[[ THE DATA open ]]
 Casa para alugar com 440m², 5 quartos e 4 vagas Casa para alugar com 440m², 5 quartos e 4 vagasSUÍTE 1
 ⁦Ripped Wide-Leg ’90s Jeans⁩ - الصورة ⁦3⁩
[[ THE DATA closed ]]
[[ THE DATA open ]]
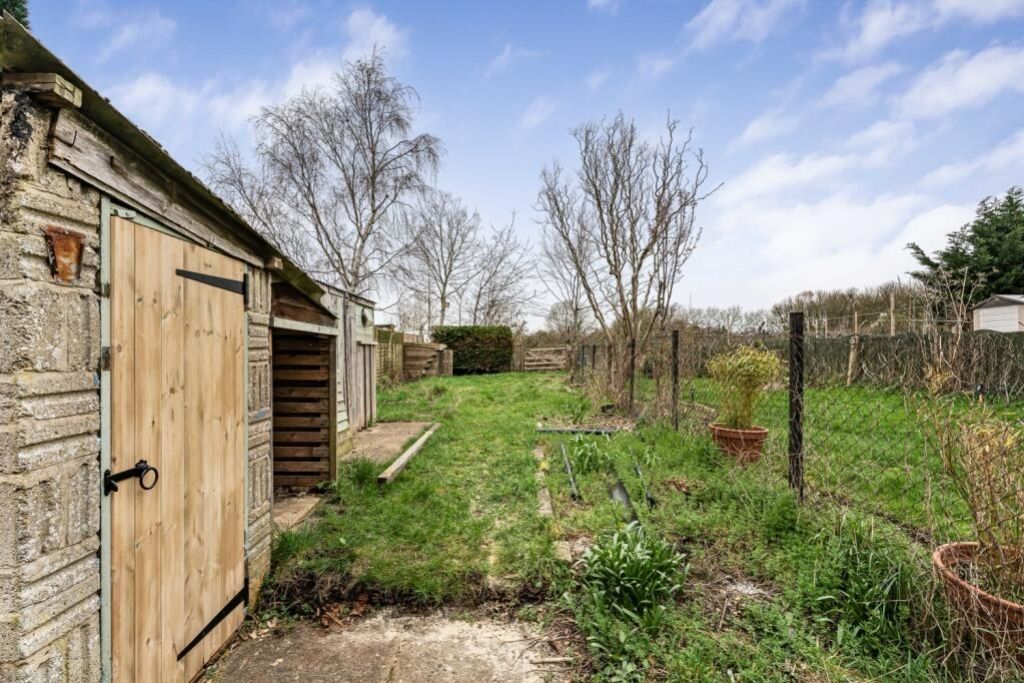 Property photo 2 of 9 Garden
[[ THE DATA closed ]]
-- WORK INSTRUCTIONS --
Of the entries listed above, reproduce only the lines starting at the line containing "Casa para alugar com 440m², 5 quartos e 4 vagas Casa" and ending at the line containing "- الصورة ⁦3⁩". Include both, exactly as they stand.

-- ANSWER TO THIS PROBLEM --
 Casa para alugar com 440m², 5 quartos e 4 vagas Casa para alugar com 440m², 5 quartos e 4 vagasSUÍTE 1
 ⁦Ripped Wide-Leg ’90s Jeans⁩ - الصورة ⁦3⁩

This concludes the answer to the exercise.